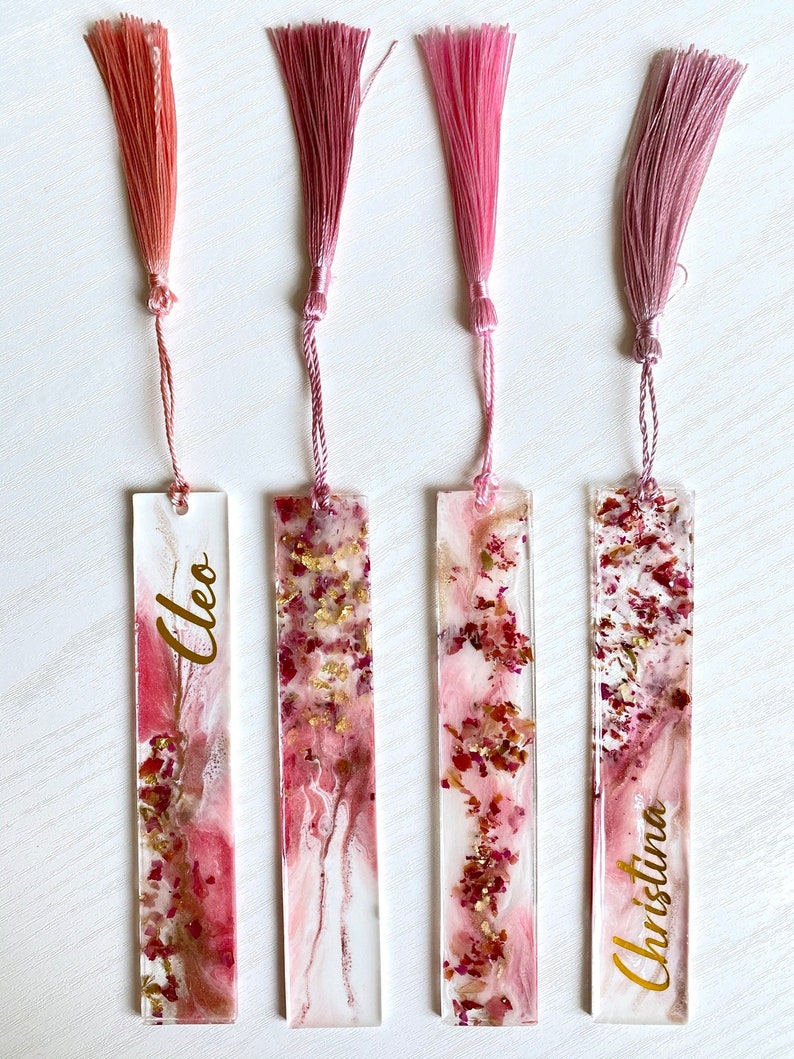 Set of four resin bookmarks featuring a white and pink design with real dried roses and shimmering gold leaf, finished with clear resin at the top. A charming boho-style accessory, perfect for gifts, book lovers, and book club favors.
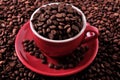 Red coffee cup filled with roasted beans closeup Royalty Free Stock Photo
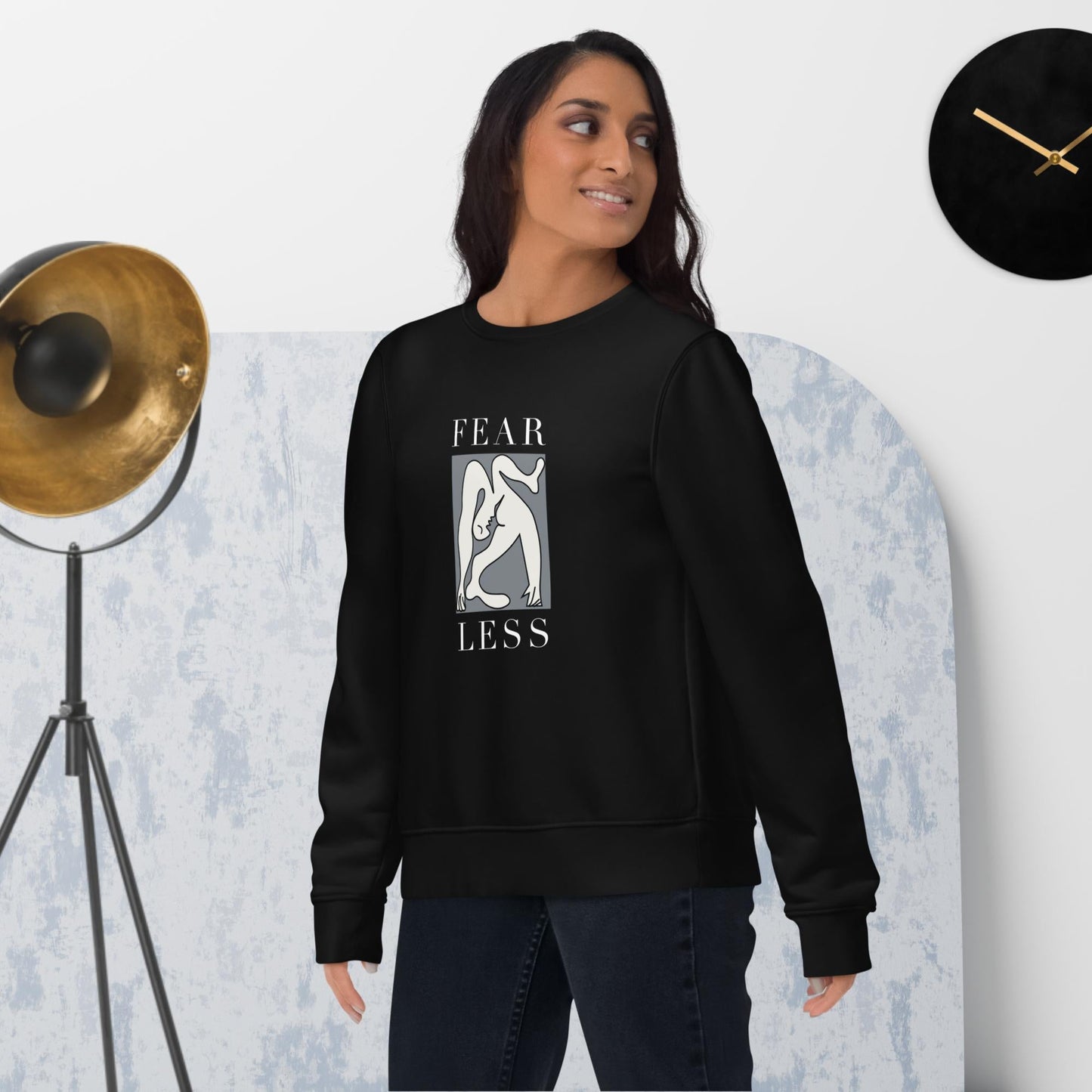 Make a statement in the feminist 'Fear Less' organic cotton sweatshirt, a standout feminist sweatshirt.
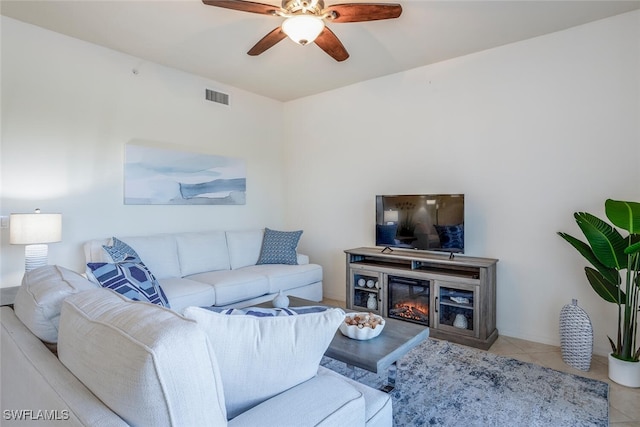 living room featuring ceiling fan and light tile patterned flooring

= WHAT YOU HAVE TO DO =
All of the material is to be reproduced verbatim, pictures excluded.

= YOUR SOLUTION =
 Set of four resin bookmarks featuring a white and pink design with real dried roses and shimmering gold leaf, finished with clear resin at the top. A charming boho-style accessory, perfect for gifts, book lovers, and book club favors.
 Red coffee cup filled with roasted beans closeup Royalty Free Stock Photo
 Make a statement in the feminist 'Fear Less' organic cotton sweatshirt, a standout feminist sweatshirt.
 living room featuring ceiling fan and light tile patterned flooring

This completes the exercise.